======== Data supplied
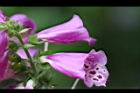 毛地黃-紫花12.jpg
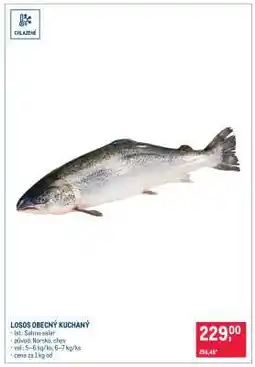 Makro Losos obecný kuchaný nabídka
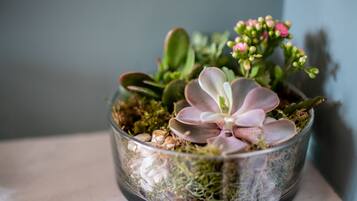 A glass terrarium containing various succulents and small plants.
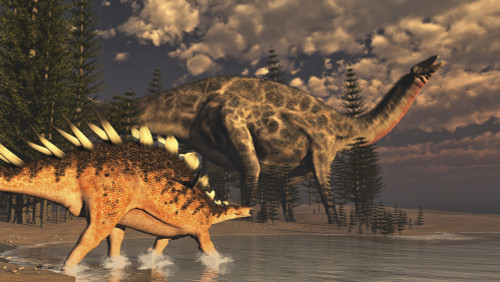 Dicraeosaurus and Kentrosaurus dinosaur walking peacefully next to calamite trees by sunset Poster Print - Item # VARPSTEDV600297P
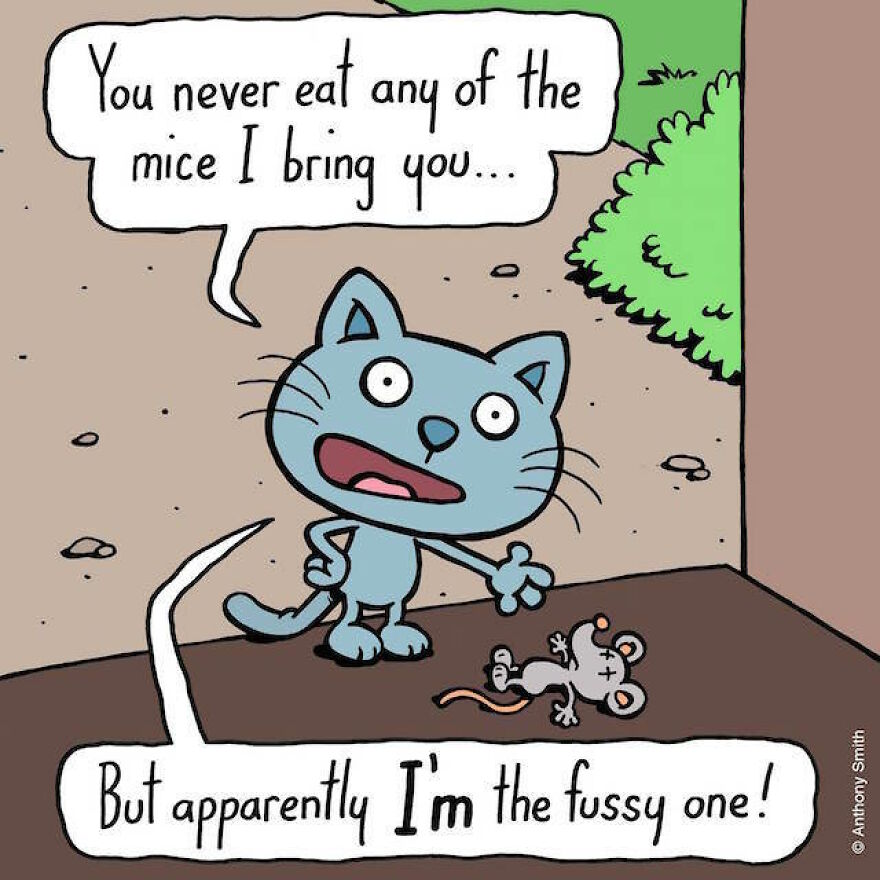 These One-Panel Cat Comics By Anthony Smith Purrfectly Capture What Having A Cat Is Like (40 Pics) These One-Panel Cat Comics By Anthony Smith Purrfectly Capture What Having A Cat Is Like (40 Pics)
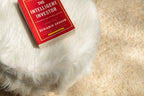 Sumptuous Fluffy Fur Ottoman - Premium Long Fur - White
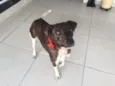 Xuxu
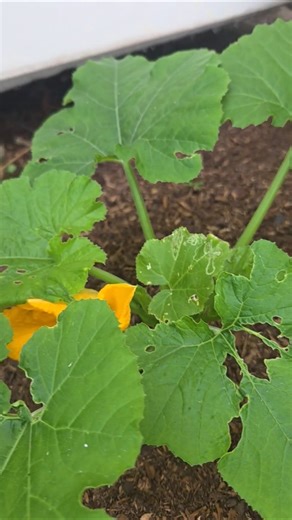 What bug is eating my plant! 🫠 #planting #planting #smallgarden #zucchini #flordia #9bgarden #flower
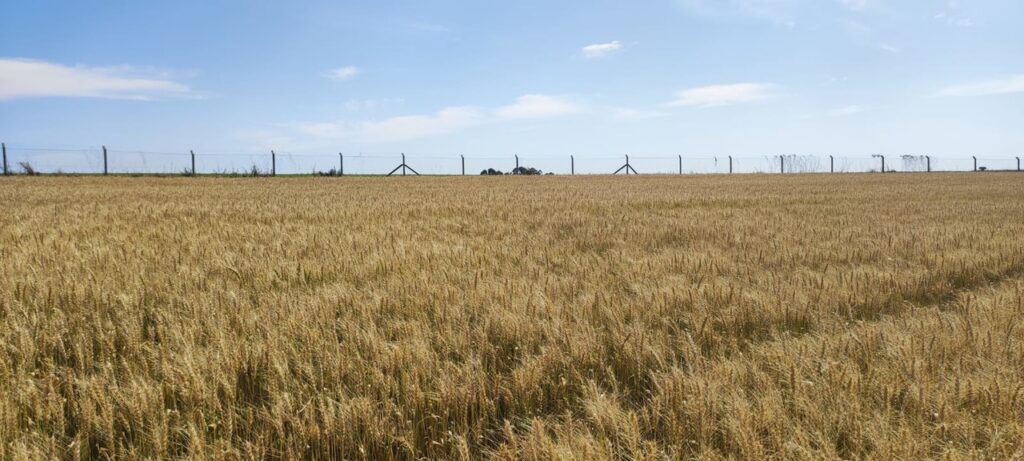 uso de boas praticas nas lavouras pode aumentar a producao de trigo no brasil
================
**Task requirements:** Copy the entries precisely, images excluded.

**Solution for this task:**
 毛地黃-紫花12.jpg
 Makro Losos obecný kuchaný nabídka
 A glass terrarium containing various succulents and small plants.
 Dicraeosaurus and Kentrosaurus dinosaur walking peacefully next to calamite trees by sunset Poster Print - Item # VARPSTEDV600297P
 These One-Panel Cat Comics By Anthony Smith Purrfectly Capture What Having A Cat Is Like (40 Pics) These One-Panel Cat Comics By Anthony Smith Purrfectly Capture What Having A Cat Is Like (40 Pics)
 Sumptuous Fluffy Fur Ottoman - Premium Long Fur - White
 Xuxu
 What bug is eating my plant! 🫠 #planting #planting #smallgarden #zucchini #flordia #9bgarden #flower
 uso de boas praticas nas lavouras pode aumentar a producao de trigo no brasil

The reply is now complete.